Cargill Cocoa Promise has previously set five sustainable targets, including reaching 100% cocoa beans traceability and zero deforestation in supply chain by 2030, as well as zero incidents of child labor by 2025.

However, the cocoa industry leaders such as Tim McCoy, VP of member and external affairs at World Cocoa Foundation (WCF), recently shared their doubt on the practicality of these goals.

“We must recognize that targets such as the Sustainable Development Goal for the eradication of child labor by 2025 may be difficult to achieve,”​ despite the collective industry efforts of establishing monitoring and remediation systems in the supply chain, he said during the Child Labor Cocoa Coordinating Group annual meeting in Côte d’Ivoire last month.

According to Cocoa Promise’s latest progress report​ that covered the 2016/2017 period, only 4% of cocoa beans Cargill sourced in Ghana were sustainable, decreasing from 5% in 2012/2013. 

Cargill said the decrease was caused by switching to LBC in 2016 from buying sustainable cocoa via other companies.

"Prior to the establishment of our LBC at the end of 2016, other [cocoa supplying companies] helped us reach the volumes required,"​ it said.

"Since then we have made a conscious decision to focus only on our own LBC volumes, as a demonstration of our support and confidence in what we are doing via the LBC to increase our volumes of sustainable cocoa."

The percentage of sustainable cocoa Cargill sources in Ghana is also much lower compared to some of the other major cocoa producing nations, including Côte d’Ivoire (59%) and Cameroon (32%).

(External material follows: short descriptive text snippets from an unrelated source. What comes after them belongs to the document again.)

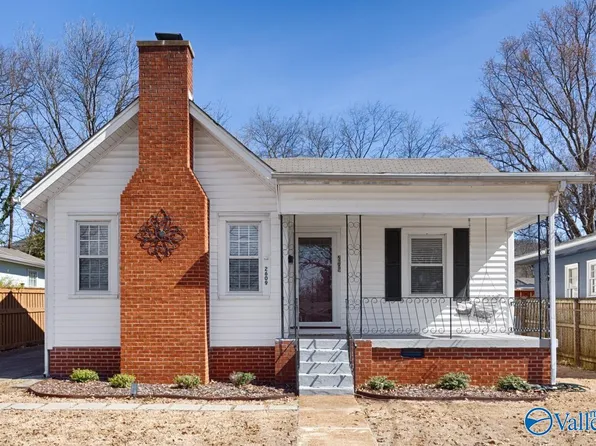 2609 Alabama St SW, Huntsville, AL 35801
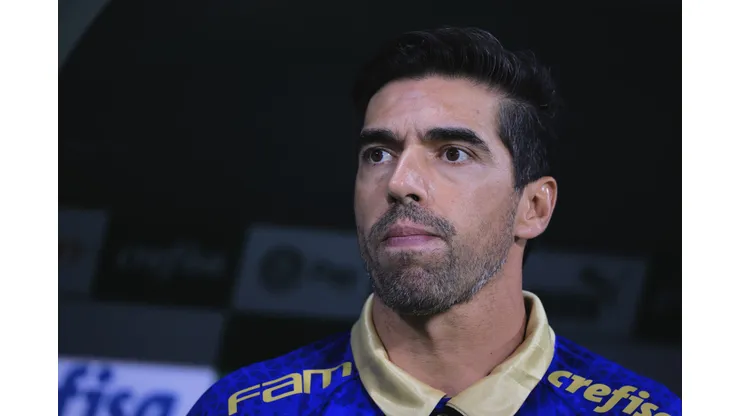Abel deu declaração curiosa na coletiva antes da final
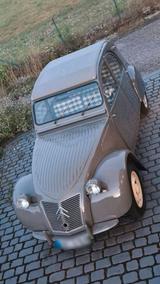 Citroën Citroen 2CV A 1953, 9PS, ENTE Oldtimer,  7... - Citroën 2 CV: Ente
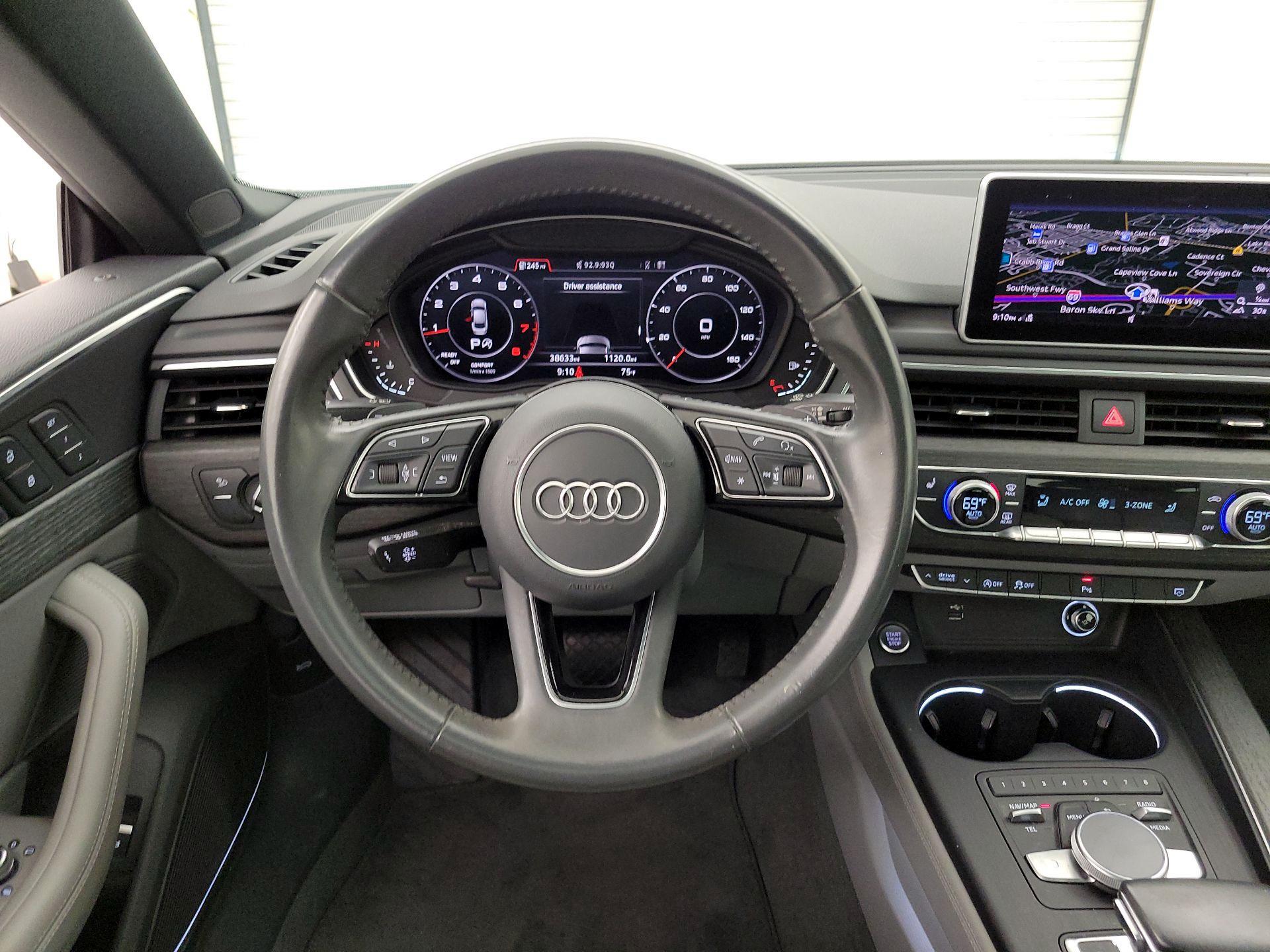 Thumbnail: 2019 Audi A5 - 10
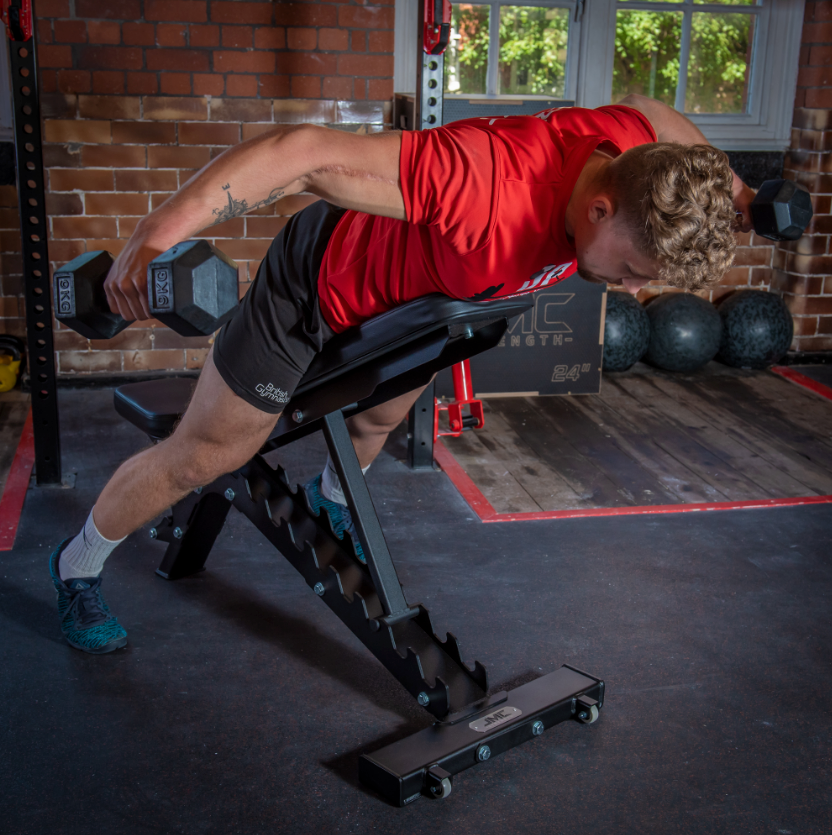 JMC Adjustable Bench - Image 7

But Cargill said the current stance in sustainable cocoa volume growth in Ghana is expected to accelerate soon especially with the support from local government.

Joseph Boahen Aidoo, CEO of Ghana Cocoa Board (COCOBOD), previously said his team was pleased to work with Cargill in launching LBC, and he sees this model as the “future of cocoa sourcing.”

Cutting unproductive cocoa trees

In addition to collaborating with Cargill, COCOBOD also started implementing its own plans to improve the productivity of cocoa farmers.

In late last month, COCOBOD and Côte d’Ivoire launched a joint action to fight Cocoa Swollen Shoot Virus Disease (CSSVD) by cutting 40% of Ghana’s unproductive cocoa tree stock and replanting with new seedlings using modern technology introduced by government.

Aidoo noted the decision made by Ghana’s previous administration to let farmers cut and treat their diseased farms did very little in tackling CSSVD. Therefore, a more extensive method is needed.

“When the [cocoa] trees are infected and you plant the young seedlings under it, the entire plantation would be affected,”​ he said.

“Since the disease is spread by air when all farmers cut their trees and one refuses to, all the others would be affected since the air will spread it across the other farms.”

Aidoo stressed that the western and eastern parts of Ghana are so far the most endemic regions, accounting for around 68% infection rate, adding the staff of COCOBOD will start treating 10,000 hectares of infected farms out of the total 680,000 hectares.